**DATASET EXTRACT**
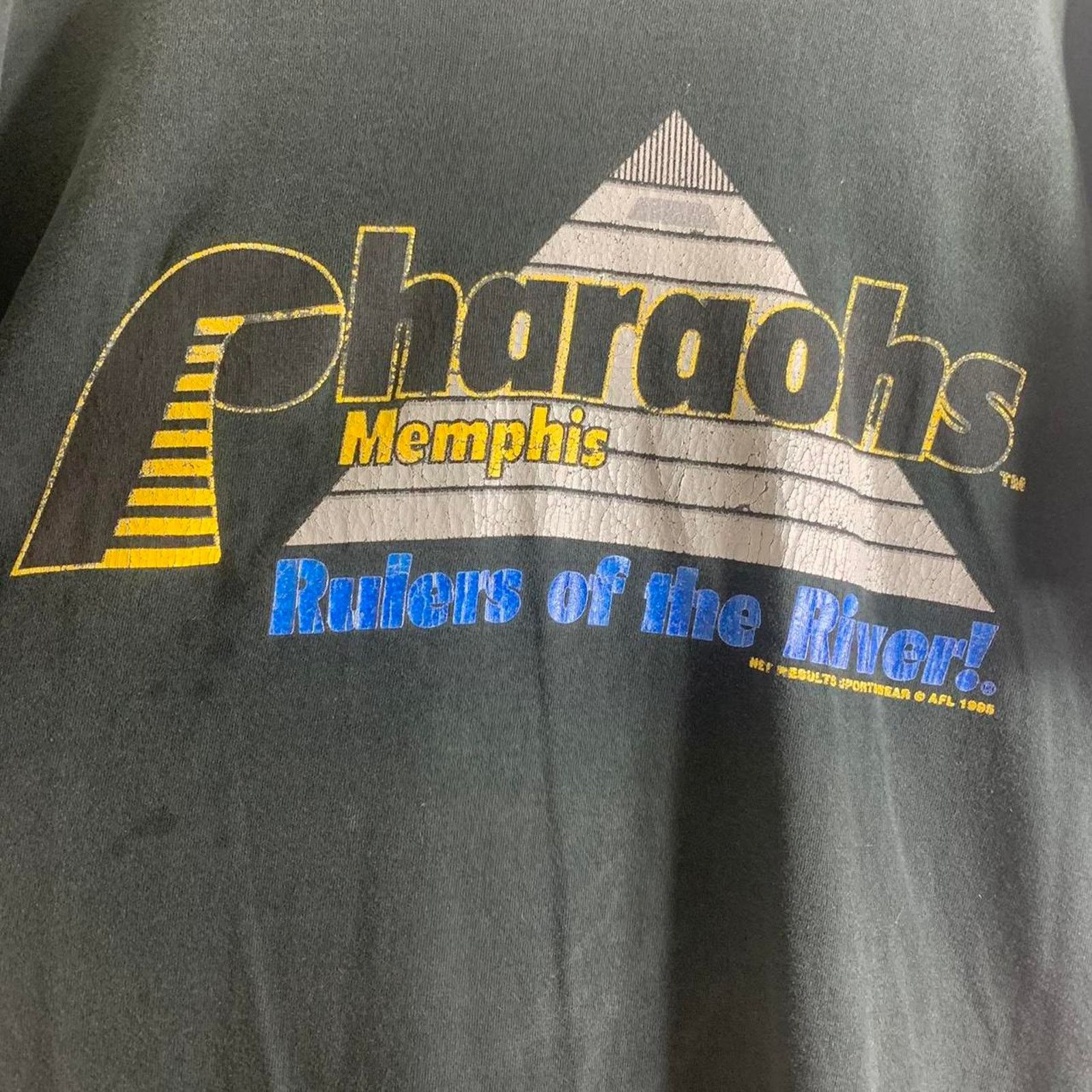 Fruit Of The Loom 1995 MEMPHIS PHARAOHS FOOTBALL single stitch tee shirt XL Size US XL / EU 56 / 4 - 1 Thumbnail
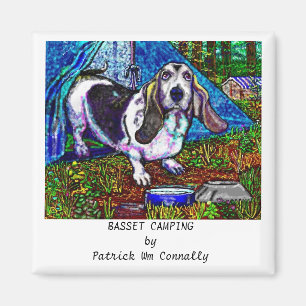BASSET CAMPING MAGNET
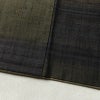 紬 正絹 縞柄・線柄 袷仕立て 身丈152.5cm 裄丈62cm リサイクル着物 着物 モダン 緑・うぐいす色_画像12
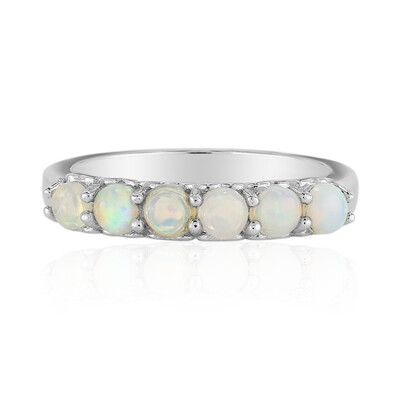 Anello in argento con Opale di Welo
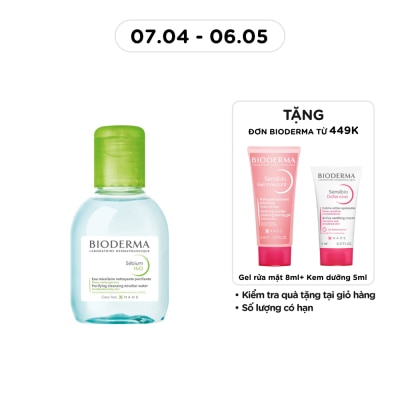 BIODERMA - Nước Tẩy Trang Dành Cho Da Nhờn Mụn Bioderma Sebium H2O 100ml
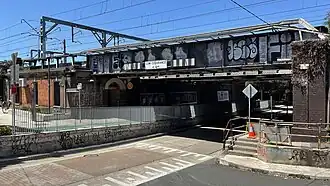 Macdonaldtown railway station entrance
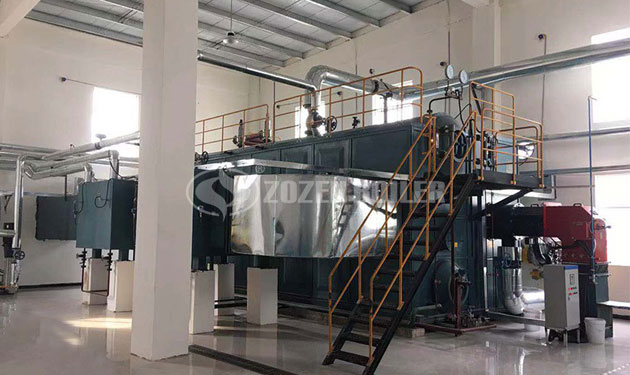 20 tph SZS gas fired boiler project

**WHAT YOU WILL DO**
Going from the line with "BIODERMA - Nước" to the last line of the listing, write out each line exactly and nothing else. Leave out all pictures.

**SOLUTION TO THIS TASK**
 BIODERMA - Nước Tẩy Trang Dành Cho Da Nhờn Mụn Bioderma Sebium H2O 100ml
 Macdonaldtown railway station entrance
 20 tph SZS gas fired boiler project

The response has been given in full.